I originally made "Adrina Distracted" as a demonstration drawing/painting as a 'demo' drawing for my digital drawing and painting course at UNCG. I often see my work for my classes having dual intents, as demonstrations and teaching tools and also as independent works of art. Also, many of my single figure artworks end up being used again in larger, more compositionally complex, multi-figured paintings.

I reworked this artwork into this present version. My intent was to be much more accurate in the figure’s proportions. Note that I made the head smaller, the torso a bit thinner, and the legs longer. Even so, much to my distress, it still was not perfect, proportionally speaking! Although it matched closer to the photo reference I used. Unfortunately, I cannot post the photo reference I used for viewers to compare against, but for my students, I can. I am sure that when they compare the photo with my artwork (this and the previous slide here on my website--i.e., the first version), they will see the difference. Placing the photographic reference side-by-side with the drawing one works on is a cruel task master in regard to proportion because one cannot escape the absolute stillness of the photograph. This is in opposition to working from life, in which the model poses and then leaves, or if she takes the same pose multiple times, it’s never ever exactly the same twice. The vagaries of movement and difference in observational drawing from live models can work to an artist’s advantage!

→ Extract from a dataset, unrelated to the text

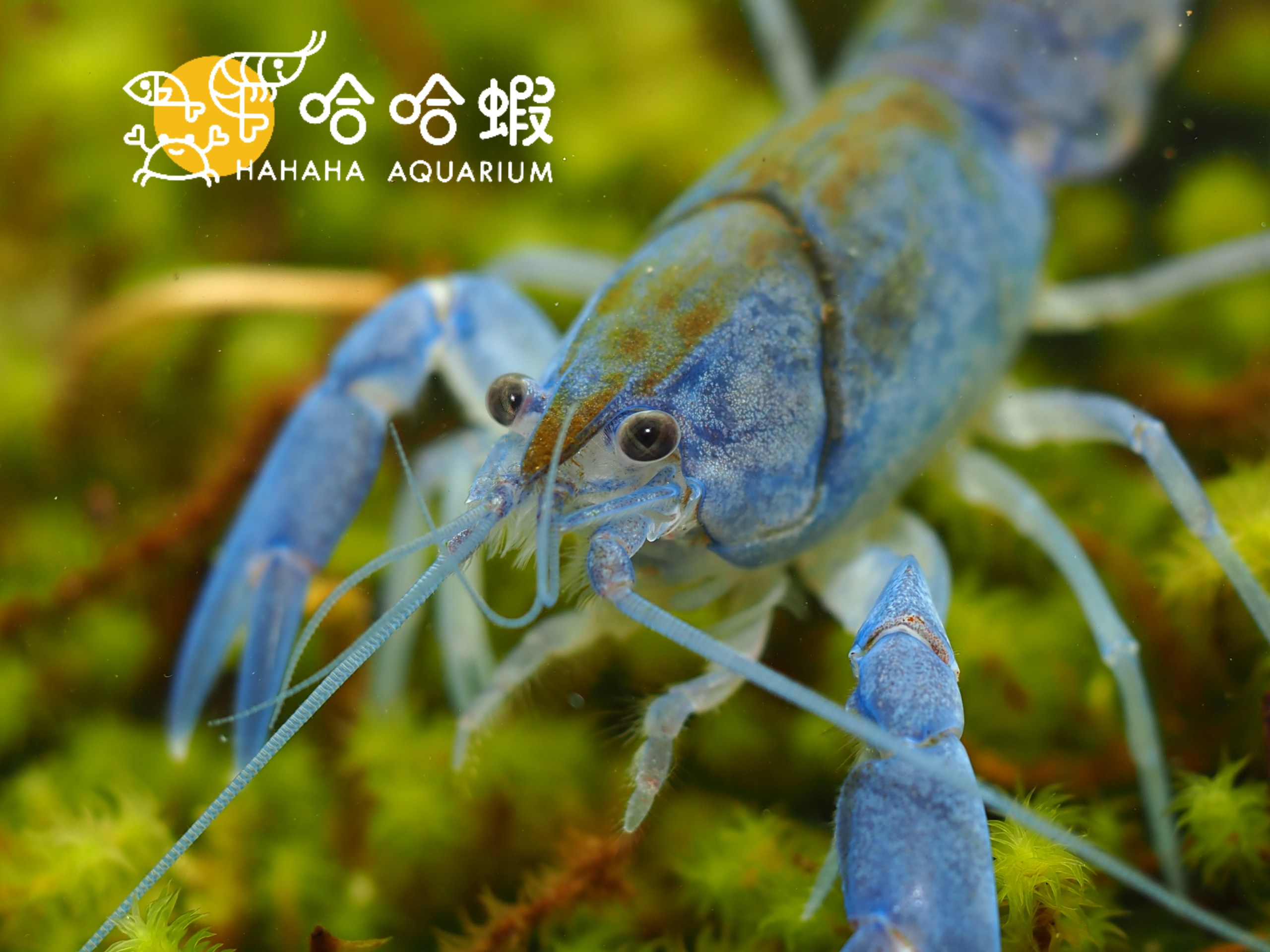 天空藍火山破壞者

I learned a few things from this struggle for accurate proportion: that typically an artist can only approach perfect proportion through eyeballing and without scientific measuring instruments. Perhaps proportion is not the end-all-be-all, but one many moving parts in making a drawing? I’m reminded of de Kooning’s metaphor of making the perfect sphere without scientific measuring instruments, and of Matisse’s adage that “exactitude is not truth.” Thus, posting these two versions of the same model without the reference allows one to judge the works solely upon their artistic merits. As a seasoned practitioner my inability to achieve absolutely perfect proportions might teach my students something valuable: that perfect proportions are hard to get. That when they are achieved, it’s often at the expense of something perhaps more important: I prioritized exploration, energy, texture, mark making, and liveliness over exactitude because I felt these things were more important than a careful and often more stiffly drawing and less lively rendition.